SB: Why not? I saw Mary that way. I mean, Kim Barker looks very much like that. I don’t think she would wear the red boots, but she kind of has that shaggy blonde hair, and the three-and-a-half-year old that I love so very much is very much like that. When I read this, I didn’t see me. You read something and you go, “If I were me in it, it wouldn’t have the same lightness and sweetness.” I don’t think you could’ve suspended your belief as easily unless I sort of went, “Okay, wipe out everything you know about me, as much as you can, and here’s this sweet person based on several people that I think are pretty amazingly special.” It’s just what sort of comes — blonde and very tan. I don’t think we said it like that, but that’s Thomas and the way he exaggerates. It’s not like we said, “Ken. Asian. Black hair.”
EI: I thought Mary was sweet and innocent, but all the other characters refer to her as a stalker.
SB: It’s funny because it depends on what side you’re looking at it from. I think Bradley can talk about it from his side, and it’s not like a he said/she said, but she heard society saying, “You’re not living a normal life,” and she started to doubt herself. At the same time, this guy says, “I wish you could be with me, but you have a job.” She doesn’t think twice about this until she loses her job and says, “Maybe it’s the universe saying I need to go in this direction. I was kind of invited.” As Angus said, “You should’ve told her to get out of the car if you didn’t want her in the car.”
BC: But then Mary starts to physically injure Steve.
SB: By accident.
BC: By accident — unbeknownst to him and waving a machete around.
SB: A piece of the car — the windshield wiper and she was waving.
BC: Hey man, you can defend it, but his logic is going down a whole different avenue.
SB: And at the end, both sides meet, and that’s what I liked about it. He’s like, “I’m sorry. Don’t change.” She’s like, “I’m Jewish Catholic.” I think, in their quiet way, she goes, “I know I was an idiot. I went down the wrong path.” And there is the meeting of the minds, and they can both go on their way and sort of admit their shortcomings, but they take away something. I didn’t want her to change at all. I wanted her to continue to be who she was and being okay with it.
BC: All of us did.
SB: You guys were affected, yeah.
EI: I remember several weeks ago, Sandra, you saying you weren’t going to do romantic comedies anymore, and yet here you are in the second on this year…
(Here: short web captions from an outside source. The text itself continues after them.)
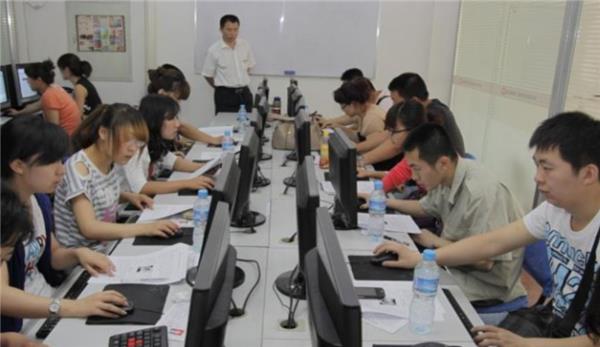 大连英语老师兼职工作如何安全找到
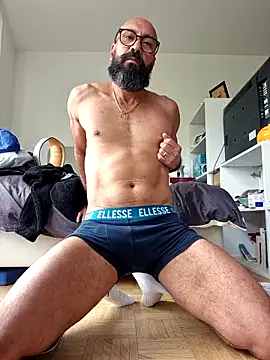 Latinox79 online show from May 18, 1:49 pm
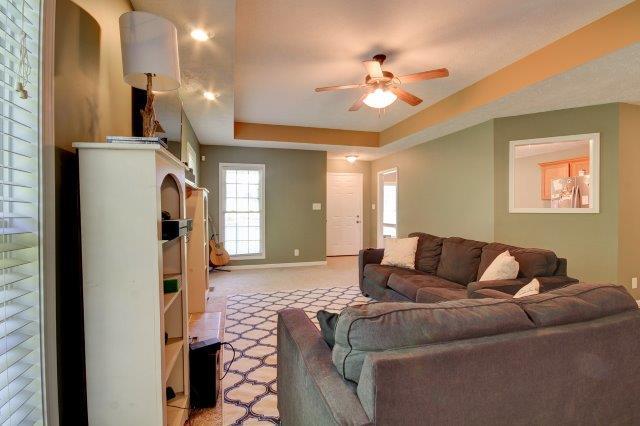 430 Martin Road Clarksville, TN 37042 - Photo 4 of 19 Gallery Image 4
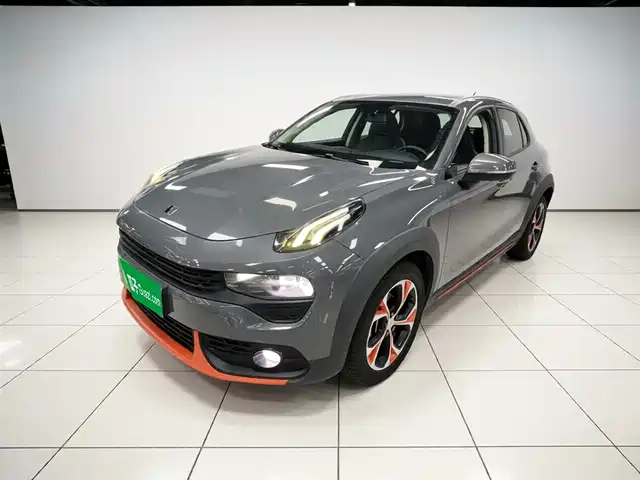 2019 Lynk & Co 02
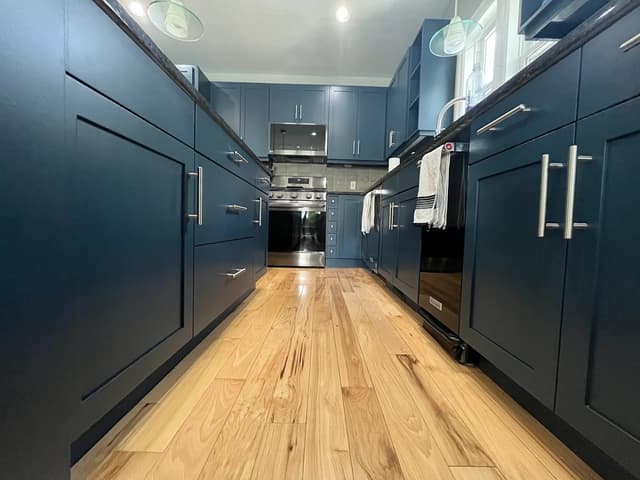 White Chooz Painters logo with blue background placeholder for paintig company logos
SB: This isn’t a romantic comedy. Why should it be? It’s just as loving and funny and unique without her needing to end up with the guy, and that’s the reason I made the film. Why does Mary Horowitz have to end up with the guy to be a complete woman? We don’t do that to men. But that’s sort of why I go, Why can’t we women have a diverse selection of comedies to play in and be actors in and make people laugh with? Why do we always have to end up being the woman who thankfully gets the guy? She could’ve had Steve if she wanted, but she didn’t want anymore of that because he didn’t appreciate it. So I made it for the very reason that you asked the question. If I can do anything at this time in my career, it’s to make it easier for other actresses and girls growing up to go, “I get to be a part of a comedy or an action film, or a romantic comedy or thriller, or just a bro-mance, without having to wind up with someone to complete us.” I complete me. I just got lucky that, after I completed myself, I met someone who could tolerate me. I love good romantic comedies. There just aren’t a lot of them. But I love comedies, and I’ll never stop doing them.
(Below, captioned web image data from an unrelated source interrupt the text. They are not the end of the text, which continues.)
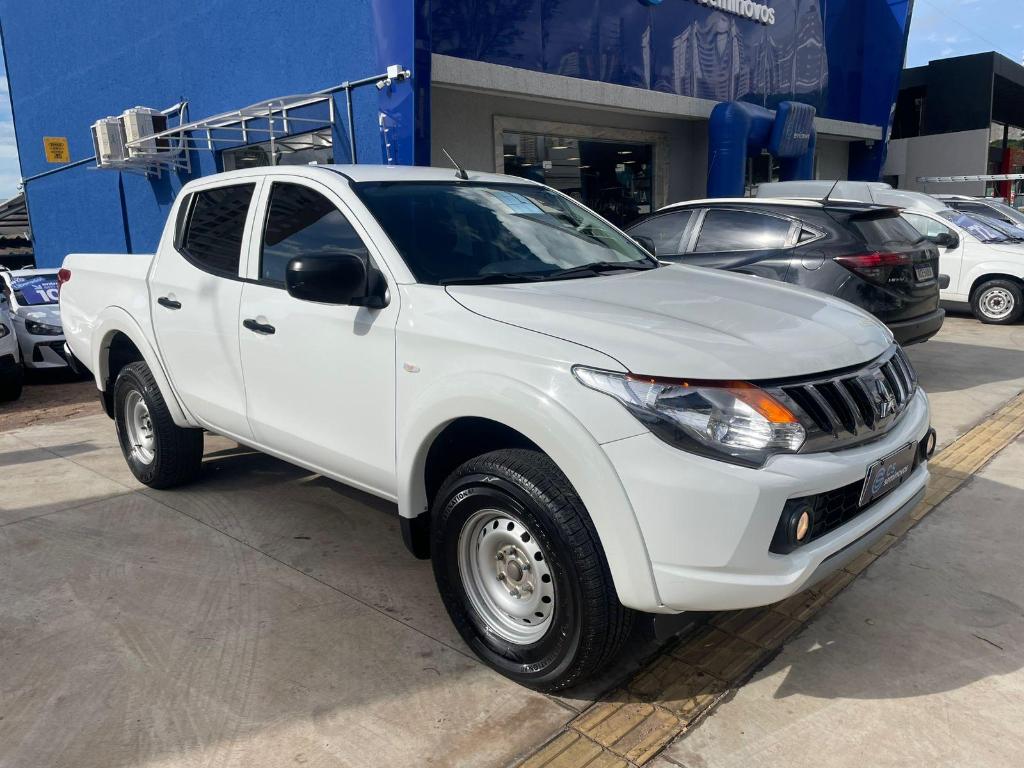 Mitsubishi L200 2024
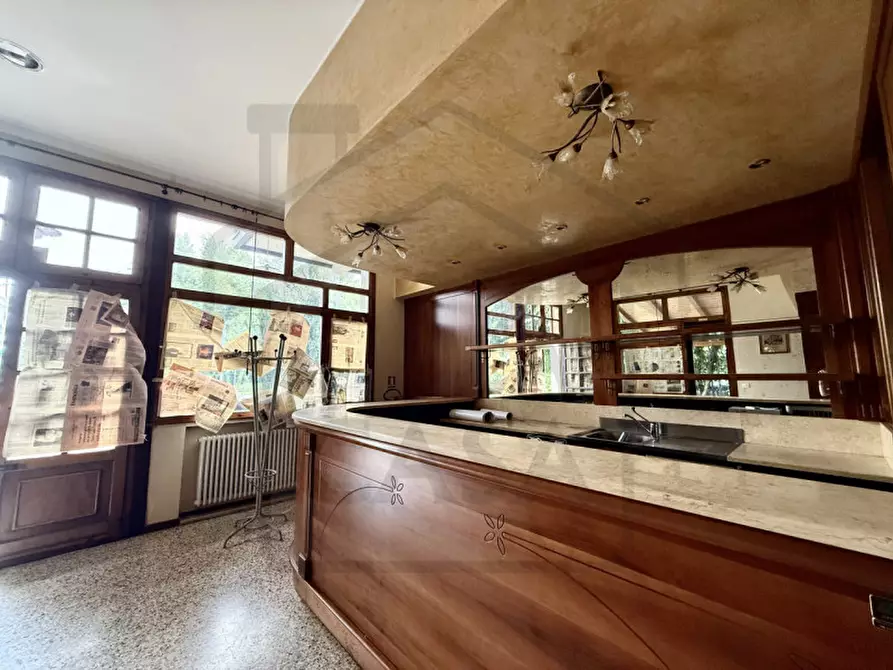 Immagine 4 di Attività commerciale in vendita  in Via Fornace a Montegrotto Terme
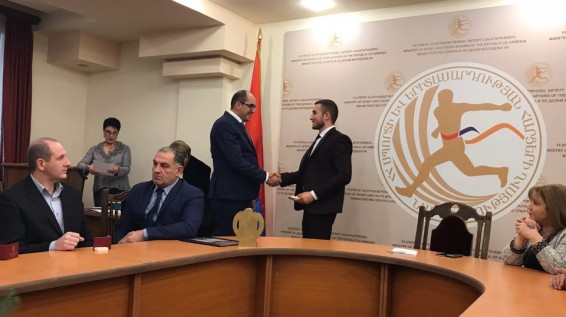 Հայաստանում գործող բոլոր ոճերի կարատեների ասպարեզում առաջին անգամ հայ մարզիկին շնորհվել է միջազգային կարգի սպորտի վարպետի կոչում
EI: Have you ever been a clue in a crossword?
SB: I have, and I get that one every time. I get very excited with that: “I know that one!”
BC: Is it like “Actress Bullock”?
SB: Yes, but if you read quickly, you could just read “Actor Bullock” and they could throw you off with Jim J. Or “Musician Bullock,” which could be Anna May Bullock, who is…
BC: Your mother?
SB: Tina Turner.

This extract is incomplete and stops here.